Problem. Look below for the line that contains "Kołdry i poduszki", then copy it and each following line to the end of the records, minus any pictures.

Given entries.
=-=-=

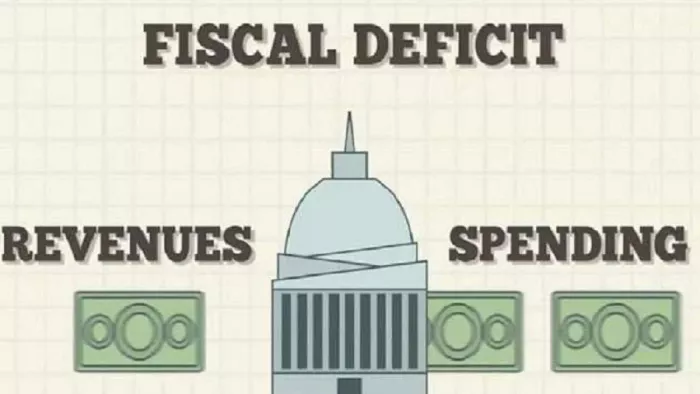 Fiscal deficit touches 32.6 pc of annual target till August this fiscal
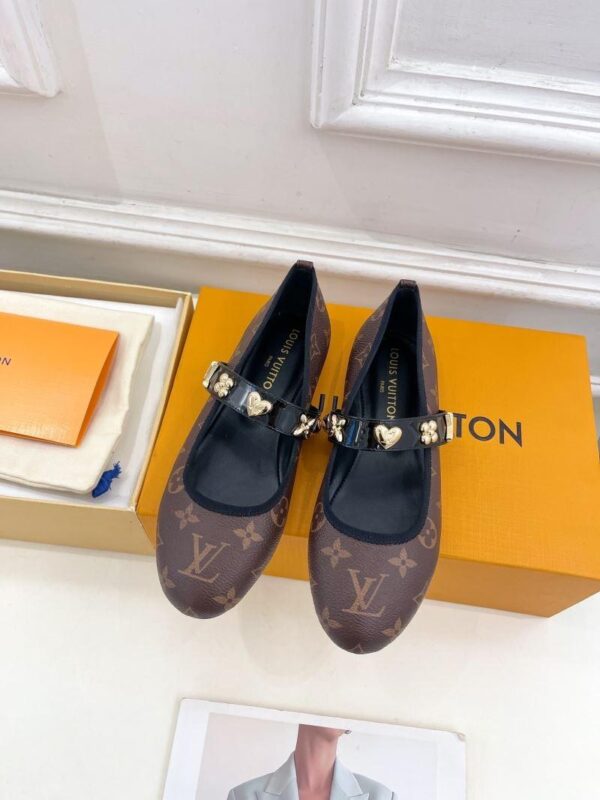 Flat Shoes 6080-2546 - Image 5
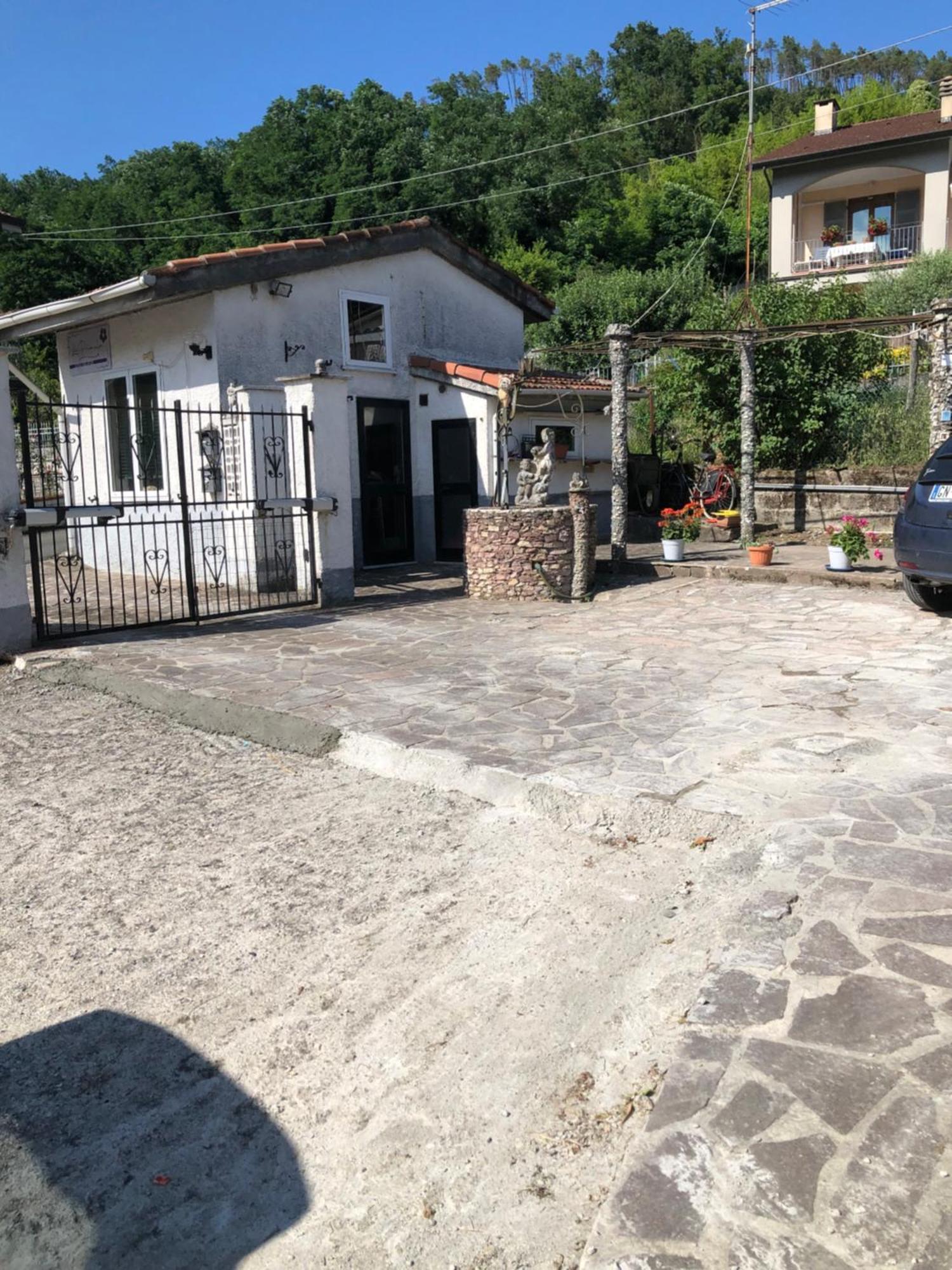 Villa La Primula Vicinanza 5 Terre Riccò del Golfo di Spezia Esterno foto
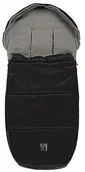 Kołdry i poduszki dla dzieci - Kaiser Louis śpiworek Thermo Fleece  czarny - miniaturka - grafika 1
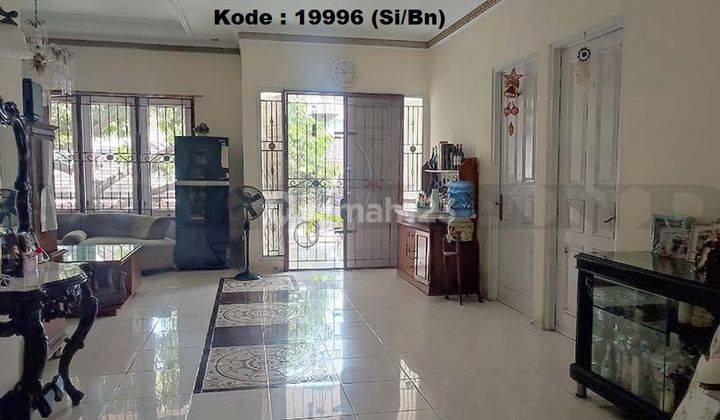 Kode 19996 Si Bn , Dijual Rumah Sunter, Luas 180 M2,jakarta  1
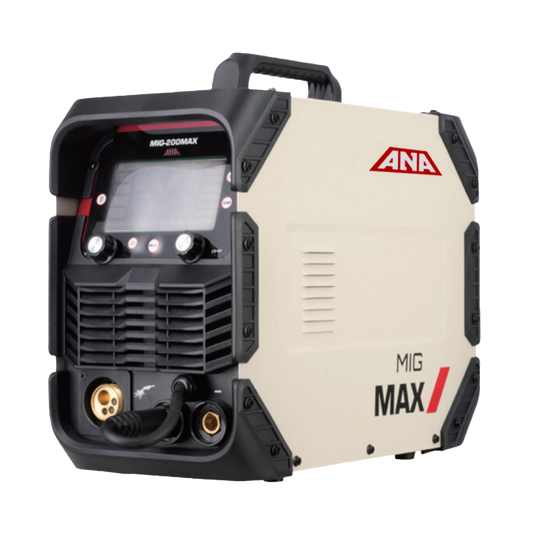 4 in 1 MIG-160MAX:  SYN MIG/MAN MIG/LIFT TIG/MMA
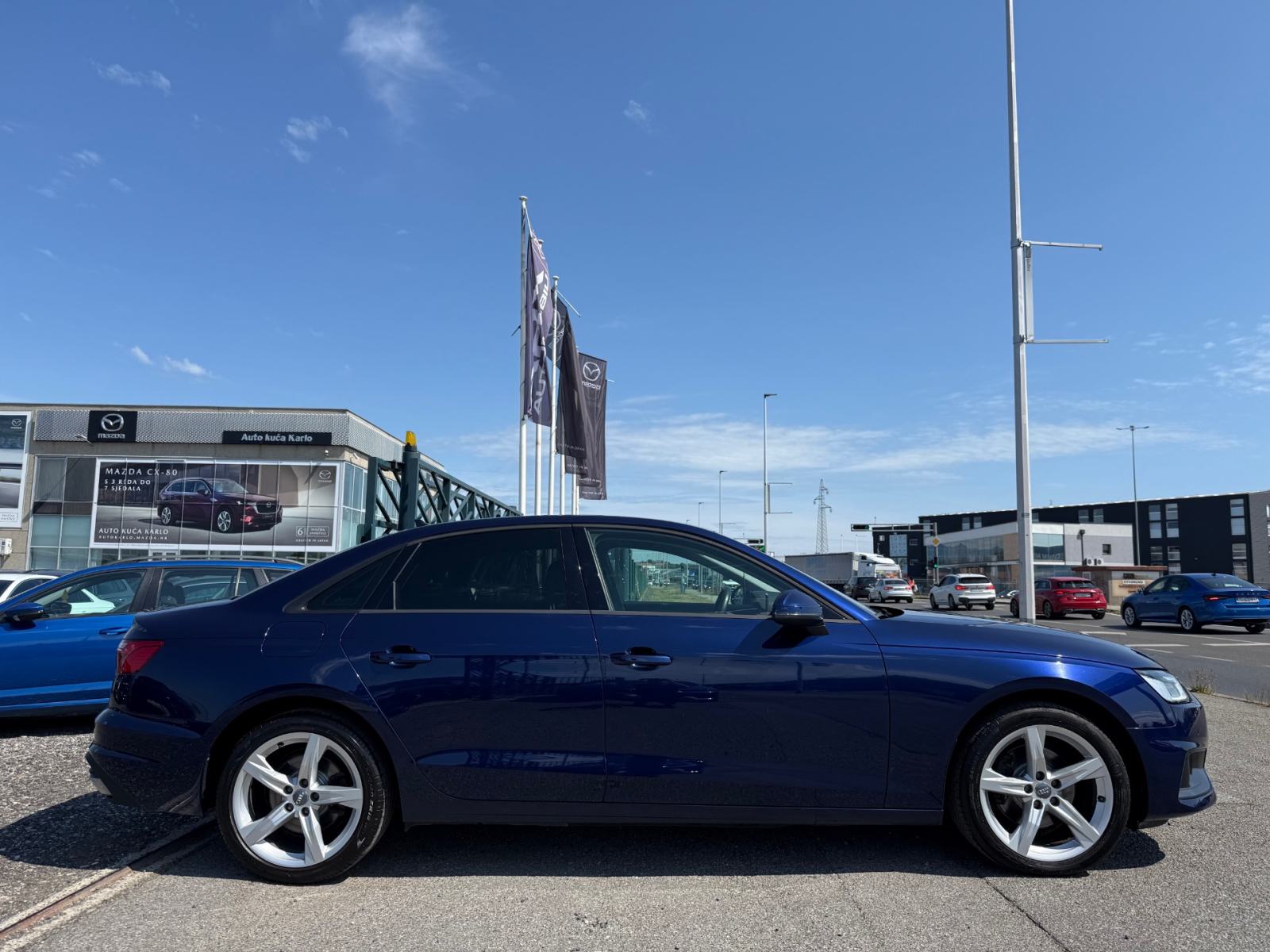 Audi A4 35 TFSI °VIRTUAL°VELIKA NAVI°JAMSTVO 12MJ°LEASING BEZ UČEŠĆA°, fotografija 5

=-=-=

Reply to the exercise.
 Kołdry i poduszki dla dzieci - Kaiser Louis śpiworek Thermo Fleece  czarny - miniaturka - grafika 1
 Kode 19996 Si Bn , Dijual Rumah Sunter, Luas 180 M2,jakarta  1
 4 in 1 MIG-160MAX:  SYN MIG/MAN MIG/LIFT TIG/MMA
 Audi A4 35 TFSI °VIRTUAL°VELIKA NAVI°JAMSTVO 12MJ°LEASING BEZ UČEŠĆA°, fotografija 5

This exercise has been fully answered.